Dick Turner

Personal information
- Full name: Richard Turner
- Born: 19 August 1932
- Died: 16 June 2008 (aged 75)

Playing information
Club
| Years | Team | Pld | T | G | FG | P |
|  | Brisbane Norths | 0 | 0 | 0 | 0 | 0 |
|  | Redcliffe Dolphins | 0 | 0 | 0 | 0 | 0 |
|  | Total | 0 | 0 | 0 | 0 | 0 |

Coaching information
Club
| Years | Team | Gms | W | D | L | W% |
| 1968–69 | Redcliffe Dolphins | 42 | 17 | 1 | 24 | 40 |
- As of 24 Sep 2021

= Dick Turner =

Australian rugby league footballer, coach & administrator

Richard Turner (19 August 1932 – 16 June 2008), a.k.a. "Tosser", was a rugby league manager.

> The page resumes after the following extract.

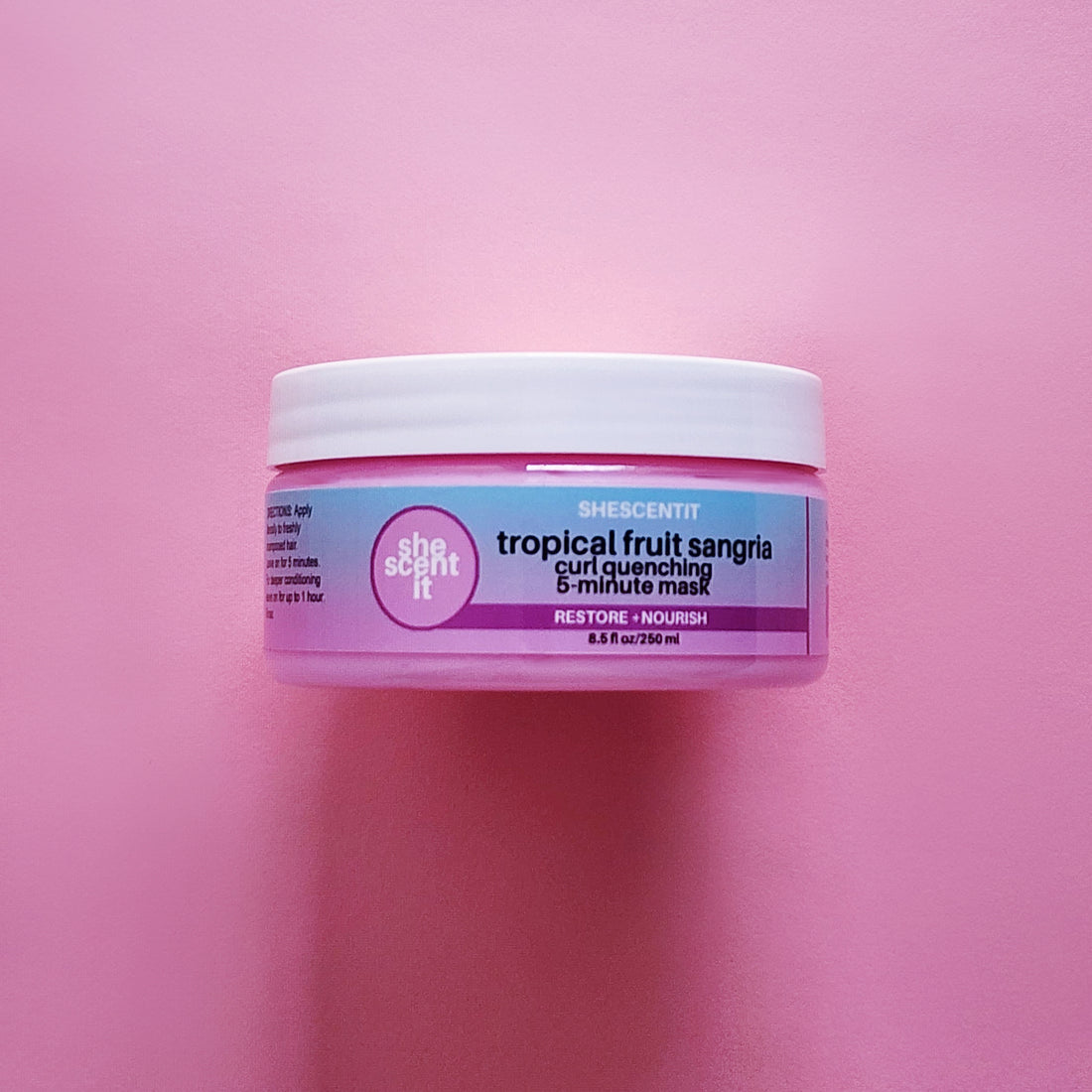 Tropical Fruit Sangria Curl Quenching 5-Minute Mask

Turner was born in 1932 and played in the Brisbane Rugby League competition for Brisbane Norths and Redcliffe. He also coached Redcliffe in 1968 and 1969.

Turner was the Queensland state rugby league team's manager from 1982 until 1996, when he stepped down to take a role in the "Former Origin Greats" (FOGS) organisation. He was also the Australian team manager on the 1986 Kangaroo Tour of Great Britain.

He was also chairman of the South Queensland Crushers club during its entire existence from 1995 to 1997.

In 2008, during his battle with illness he wrote a letter for the Queensland rugby league team which has been read to them for inspiration in subsequent State of Origin series.

He died as chairman of FOGS on 16 June 2008 because of long-term illness. That year he won the "Service to Sport Award" at the Queensland Sport Awards.

Actor Michael Caton inherited Turner's cultural ambassador role with the Queensland rugby league team.

During the 2009 State of Origin series, he was honoured outside Lang Park with a plaque.